Reputation: 9302
I have a file, which contains automatically generated statistical data from apache http logs.
I'm really struggling on how to match lines between 2 sections of text. This is a portion of the stat file I have:
jpg 6476 224523785 0 0
Unknown 31200 248731421 0 0
gif 197 408771 0 0
END_FILETYPES
# OS ID - Hits
BEGIN_OS 12
linuxandroid 1034
winlong 752
winxp 1320
win2008 204250
END_OS
# Browser ID - Hits
BEGIN_BROWSER 79
mnuxandroid 1034
winlong 752
winxp 1320
What I'm trying to do, is write a regex which will only search between the tags BEGIN_OS 12
and END_OS
.
I want to create a PHP array that contains the OS and the hits, for example (I know the actual array won't actually be exactly like this, but as long as I have this data in it):
array(
[0] => array(
[0] => linuxandroid
[1] => winlong
[2] => winxp
[3] => win2008
)
[1] => array(
[0] => 1034
[1] => 752
[2] => 1320
[3] => 204250
)
)
I've been trying for a good couple of hours now with gskinner regex tester to test regular expressions, but regex is far from my strong point.

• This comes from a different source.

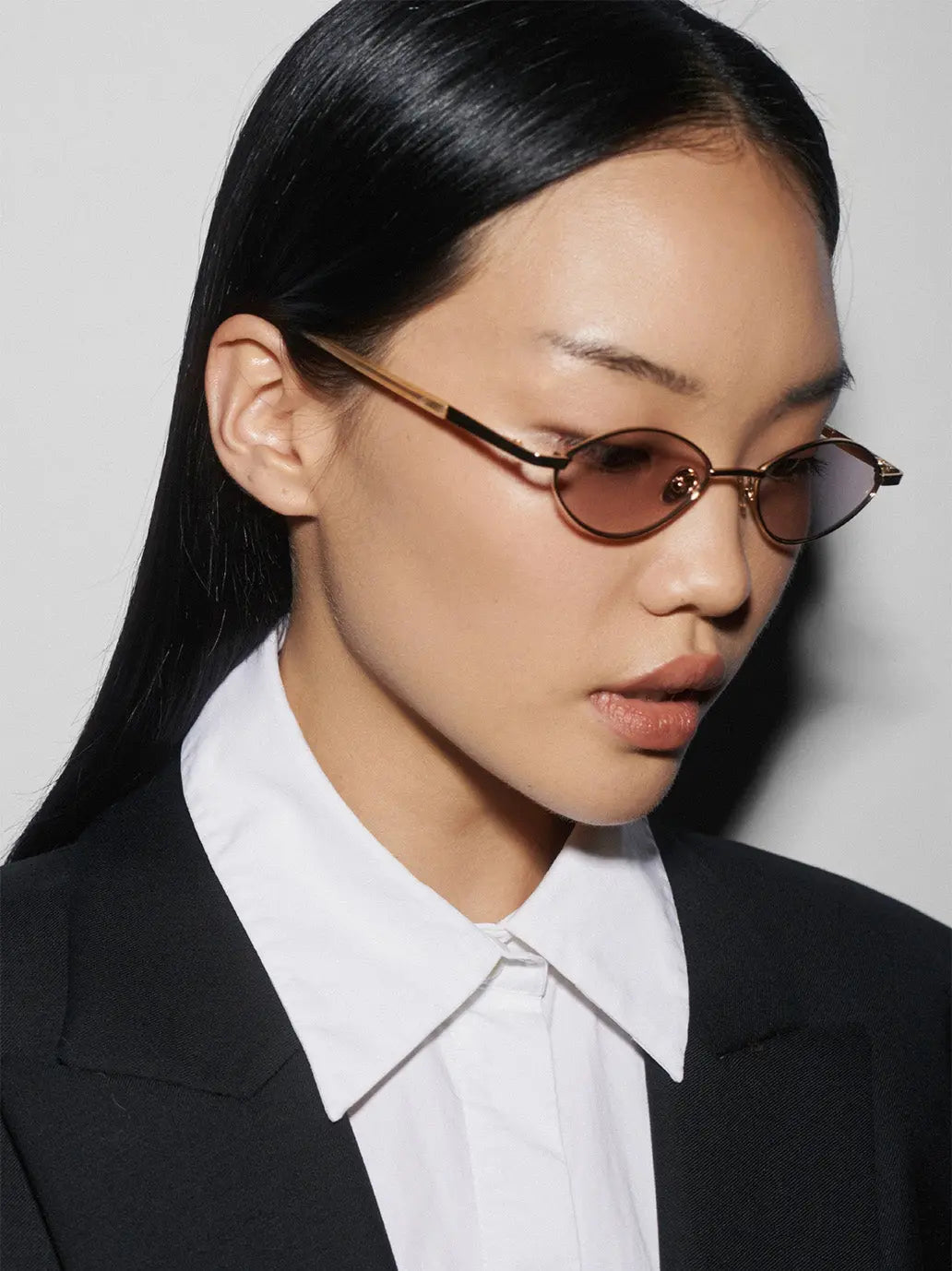 Okulary przeciwsłoneczne Alaia Shevoke BEBE Concept 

I would post what I've got so far, but I've tried loads, and the closest one I've got is:
^[BEGIN_OS\s12]+([a-zA-Z0-9]+)\s([0-9]+)
which is pathetically awful!
Any help would be appreciated, even if its a 'It cant be done'.
Upvotes: 0
Views: 65
Reputation: 7181
You might try something like:
/BEGIN_OS 12\s(?:([\w\d]+)\s([\d]+\s))*END_OS/gm
You'll have to parse the match still for your results, You may also simplify it with something like:
/BEGIN_OS 12([\s\S]*)END_OS/gm
And then just parse the first group (the text between them) and split on '\n'
then ' '
to get the parts you desire.
Edit
Regexs with comments:
/BEGIN_OS 12 // Match "BEGIN_OS 12" exactly
\s // Match a whitespace character after
(?: // Begin a non-capturing group
([\w\d]+) // Match any word or digit character, at least 1 or more
\s // Match a whitespace character
([\d]+\s) // Match a digit character, at least one or more
)* // End non-capturing group, repeate group 0 or more times
END_OS // Match "END_OS" exactly
/gm // global search (g) and multiline (m)
And the simple version:
/BEGIN_OS 12 // Match "BEGIN_OS 12" exactly
( // Begin group
[\s\S]* // Match any whitespace/non-whitespace character (works like the '.' but captures newlines
) // End group
END_OS // Match "END_OS" exactly
/gm // global search (g) and multiline (m)
Secondary Edit
Your attempt:
^[BEGIN_OS\s12]+([a-zA-Z0-9]+)\s([0-9]+)
Won't give you the results you expect. If you break it apart:
^ // Match the start of a line, without 'm' this means the beginning of the string.
[BEGIN_OS\s12]+ // This means, match a character that is any [B, E, G, I, N, _, O, S, \s, 1, 2]
// where there is at least 1 or more. While this matches "BEGIN_OS 12"
// it also matches any other lines that contains a combination of those
// characters or just a line of whitespace thanks to \s).
([a-zA-Z0-9]+) // This should match the part you expect, but potentially not with the previous rules in place.
\s
([0-9]+) // This is the same as [\d]+ or \d+ but should match what you expect (again, potentially not with the first rule)
Upvotes: 1
Reputation: 76666
A regular expression may not be the best tool for this job. You can use a regex to get the required substring and then do the further processing with PHP's string manipulation functions.
$string = preg_replace('/^.*BEGIN_OS \d+\s*(.*?)\s*END_OS.*/s', '$1', $text);
foreach (explode(PHP_EOL, $string) as $line) {
list($key, $value) = explode(' ', $line);
$result[$key] = $value;
}
print_r($result);
Should give you the following output:
Array
(
[linuxandroid] => 1034
[winlong] => 752
[winxp] => 1320
[win2008] => 204250
)
Upvotes: 3